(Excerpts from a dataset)
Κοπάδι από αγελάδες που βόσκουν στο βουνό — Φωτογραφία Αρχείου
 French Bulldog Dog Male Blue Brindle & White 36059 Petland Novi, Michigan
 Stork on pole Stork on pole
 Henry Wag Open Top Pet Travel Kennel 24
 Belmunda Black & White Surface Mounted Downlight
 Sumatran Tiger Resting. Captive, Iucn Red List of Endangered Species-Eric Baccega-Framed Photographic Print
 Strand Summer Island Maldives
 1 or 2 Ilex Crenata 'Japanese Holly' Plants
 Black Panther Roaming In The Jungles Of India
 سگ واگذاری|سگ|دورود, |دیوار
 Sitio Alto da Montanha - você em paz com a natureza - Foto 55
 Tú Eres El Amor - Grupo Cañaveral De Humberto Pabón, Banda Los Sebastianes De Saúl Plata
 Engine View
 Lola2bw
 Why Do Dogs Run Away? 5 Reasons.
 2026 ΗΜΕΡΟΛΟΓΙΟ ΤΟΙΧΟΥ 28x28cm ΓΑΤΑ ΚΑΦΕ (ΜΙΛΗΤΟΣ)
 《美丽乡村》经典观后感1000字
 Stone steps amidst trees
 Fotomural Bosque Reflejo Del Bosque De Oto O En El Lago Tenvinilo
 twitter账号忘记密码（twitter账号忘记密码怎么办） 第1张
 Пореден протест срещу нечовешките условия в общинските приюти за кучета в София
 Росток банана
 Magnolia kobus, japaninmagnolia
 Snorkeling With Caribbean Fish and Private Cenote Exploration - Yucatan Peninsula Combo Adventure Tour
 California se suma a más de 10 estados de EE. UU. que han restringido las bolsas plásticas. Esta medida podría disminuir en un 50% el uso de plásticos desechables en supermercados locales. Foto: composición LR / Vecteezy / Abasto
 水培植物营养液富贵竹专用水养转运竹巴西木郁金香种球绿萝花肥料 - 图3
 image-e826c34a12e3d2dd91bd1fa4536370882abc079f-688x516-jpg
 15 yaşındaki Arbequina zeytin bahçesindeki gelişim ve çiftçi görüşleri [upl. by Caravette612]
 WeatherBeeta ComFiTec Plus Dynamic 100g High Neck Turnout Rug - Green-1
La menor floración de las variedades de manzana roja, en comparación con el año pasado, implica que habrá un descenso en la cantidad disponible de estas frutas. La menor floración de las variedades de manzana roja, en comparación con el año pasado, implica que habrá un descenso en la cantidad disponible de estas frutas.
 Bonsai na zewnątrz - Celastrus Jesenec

Activity: Copy each line, exactly, that falls between the line containing "WeatherBeeta ComFiTec Plus" and the end of the entries, both included.

Result of the exercise:
 WeatherBeeta ComFiTec Plus Dynamic 100g High Neck Turnout Rug - Green-1
La menor floración de las variedades de manzana roja, en comparación con el año pasado, implica que habrá un descenso en la cantidad disponible de estas frutas. La menor floración de las variedades de manzana roja, en comparación con el año pasado, implica que habrá un descenso en la cantidad disponible de estas frutas.
 Bonsai na zewnątrz - Celastrus Jesenec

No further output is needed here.